Available data:
● ● ● ● ● ● ●

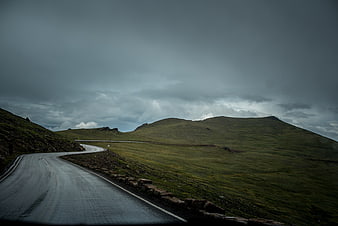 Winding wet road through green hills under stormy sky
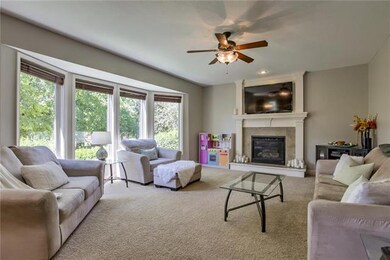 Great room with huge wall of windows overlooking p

● ● ● ● ● ● ●

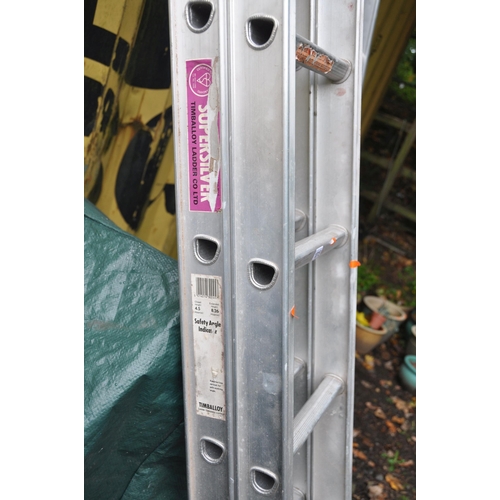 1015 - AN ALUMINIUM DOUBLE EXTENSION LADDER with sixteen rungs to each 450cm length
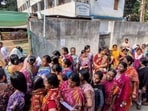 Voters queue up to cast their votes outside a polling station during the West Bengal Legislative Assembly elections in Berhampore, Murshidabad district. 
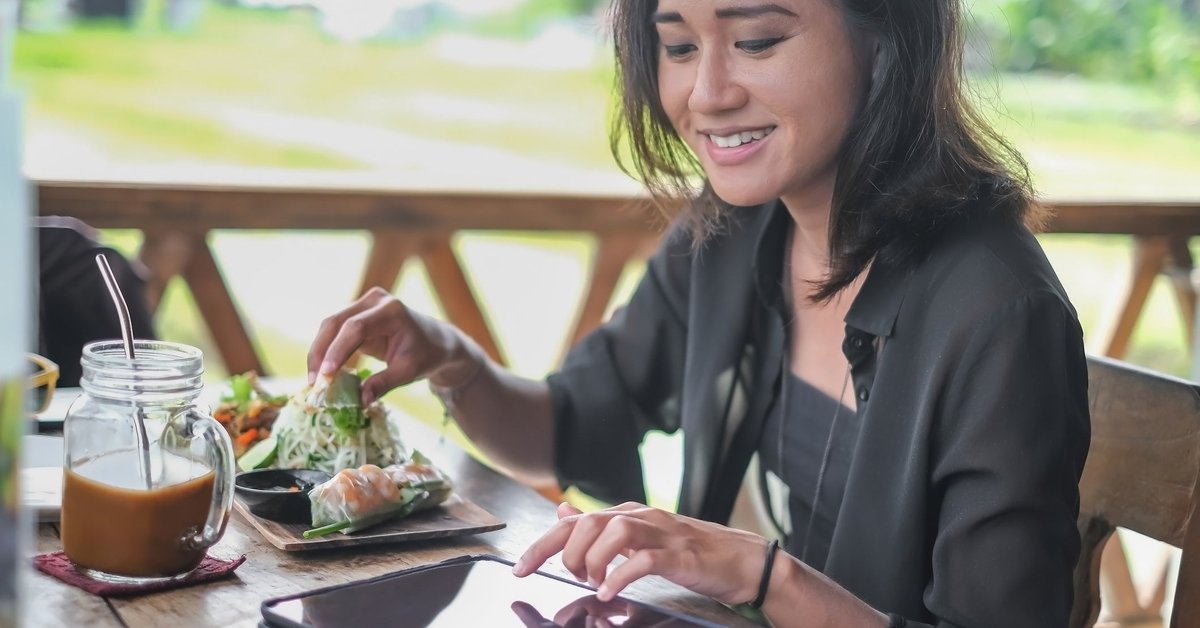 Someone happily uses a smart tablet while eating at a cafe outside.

● ● ● ● ● ● ●

Exercise requirements: Using the entries above, repeat exactly the lines from the one with "Winding wet road" to the one with "Great room with", both included, and leave the pictures behind.

Response below:
 Winding wet road through green hills under stormy sky
 Great room with huge wall of windows overlooking p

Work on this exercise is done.